The streets of Mystic were unpaved, subject to ruts, rain, and dust if not oiled. Main Street was paved with bricks sometime in 1918. Some residents had cars and were reported in the newspaper to have “motored” to one town or another to visit family or attend an event. Many likely still relied on horse powered transport as well as their own two feet. I found a few pictures from the 1920s-30s of people on horses in town and another of the mail being delivered in another part of the county by horse and buggy. There is an undated photo of Eveline’s parents, Joseph and Mary Coates, standing by a buggy. In 1917, they would have been 50 and 45, respectively. It is hard for me to tell their ages in this photo.
If you wanted to travel to Centerville, the county seat, you could hop on the Interurban.
Following are a few memories shared by a Mystic resident, with some photos interspersed:
In 1910 our Sunday afternoon entertainment was watching trains come and go from the Mystic Depot.
Later on, streets were oiled to Walnut City, making an initial improvement. In 1918, Main Street was bricked which remains to this day. The town burned twice. The first fire was in 1910 and burned the east end of town from Second Street to the west. In 1911, it burned from Second Street towards the east. Bradley’s Bank did not burn until the fire in 1912. The livery barn on Second Street stopped the fire because the posts were cut which toppled the metal roof thus smothering it.
Mystic had two opera houses. The first one was on the north side of the street over Scott and Minor’s Grocery Store. It burned down when Mystic burned the first time. The second Opera House was located where Strand Theatre stood. Karl Breeding operated the first “picture show.” Mystic also had a town band under the leadership of Lem Hicks. A community symphony orchestra was also formed, consisting mostly of French and Belgian musicians. At one time, Mystic had three hotels and many boarding houses. Every year Mystic had a Fourth of July celebration which included a Sham Battle, shooting blanks out of guns.History of Mystic, Iowa: 1887-1997. pg. 37-39.
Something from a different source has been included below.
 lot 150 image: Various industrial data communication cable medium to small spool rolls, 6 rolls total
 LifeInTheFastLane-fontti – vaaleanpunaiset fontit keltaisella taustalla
The burned out portions of Main Street were rebuilt mostly in brick. I visited Mystic with my aunt and uncle in September 2016. We were trying to cover a lot of area that day, including cemeteries, and you can see from the clouds that bad weather was approaching, so our time was limited. I only took the one photo of Main Street from the car. I wish I had taken more and that I had done a little research before I made the trip so I would have had a better idea of what to look for. Oh well. It appears that I was at the opposite end of the street from the old photo above.
Not a full picture of the town that Eveline knew and loved, but a glimpse. I’ll keep working on it!
This is my contribution to Sepia Saturday. Click the link to see and read how others have responded to the prompt.
This was a great tour of your grandmother’s hometown, Kathy. Most of American history is really about the stories of thousands of small communities like Mystic, rather than the big metropolitan centers. Many years ago, way before I became a collector of old photos, I read a book that changed my approach to travel. The title is “Blue Highways: A Journey into America” by William Least Heat-Moon. The author set off on a cross country adventure in his truck driving only on the old US routes and backroads which used to be marked blue on most maps. I’ve tried to do the same whenever I take a long drive, and have been rewarded by discovering many beautiful small towns like Mystic. Even if forced to drive on an interstate I take a break for meals by driving beyond the fast food junctions into a small town to look for a local diner. Real food and good conversation with authentic town folk always makes for better travel stories.
A fascinating and detailed profile of Mystic in the early 20th century.